Besides, MTL has got into APFC (Automatic Power Factor Controller) panels under the joint venture with Herodex Power Systems, who are one of the leading manufacturers of energy saving equipments related to industrial, commercial and power distribution applications. Hence the company has forayed into the energy - saving devices market and plans to enter into areas of light and energy saving products. With Herodex, the company is developing 'THAI CAP' APFC relays with the best technological features, which are definitely in a class apart from the other relays available in the market. Moreover, MTL is working towards a portal call Stdisdfree.com which will offer suite of services like PC-to-Phone, PC-to-PC, PC-to-Fax and voice mail, all integrated into one easy to use product. It has plans to launch the Automatic Meter reading system, which will collect the data automatically from meters and other devices via telecommunications at a remote central location of your choice. MTL also intends to enter the rapidly growing market of Wireless Brodband Services.

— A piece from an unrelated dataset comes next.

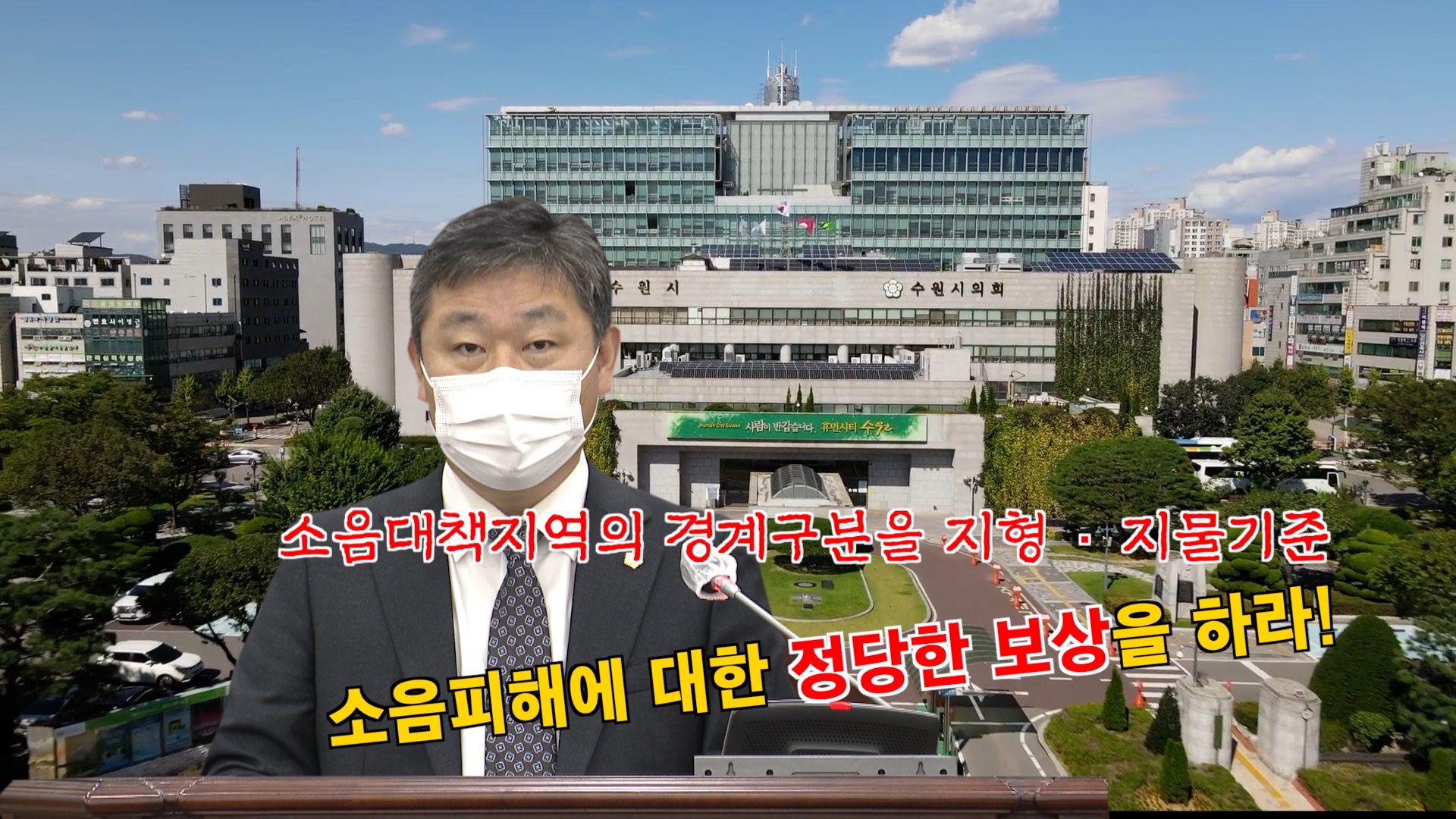 김정렬 의원 \'군소음보상법\' 개정 촉구 건의안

Although its future plans look very interesting, execution is the key to its growth. In spite of taking approval from the shareholders in November 2005 to raise around Rs.90 cr. through the FCCB/GDR route, nothing has been finalized till now. It was even decided to split the face value of shares to Re.1 but eventually it was dropped. For FY07, it may report a topline of Rs.23 cr. and bottomline of Rs.1.50 cr., which means an EPS of Rs.1.20 on its equity of Rs.11.90 cr. If things pan out well as per the company’s plans then for FY08 it can register total revenue of Rs.30 cr. with net profit of Rs.2.25 cr. i.e. an EPS of Rs.2. However, despite some promoter concerns, this company with a BPO facility of 550 seats is available extremely cheap at an Enterprise Value (EV) of Rs.20 cr. Long term investors can take an exposure as the scrip has bottomed out and can double in 6-9 months with operators support.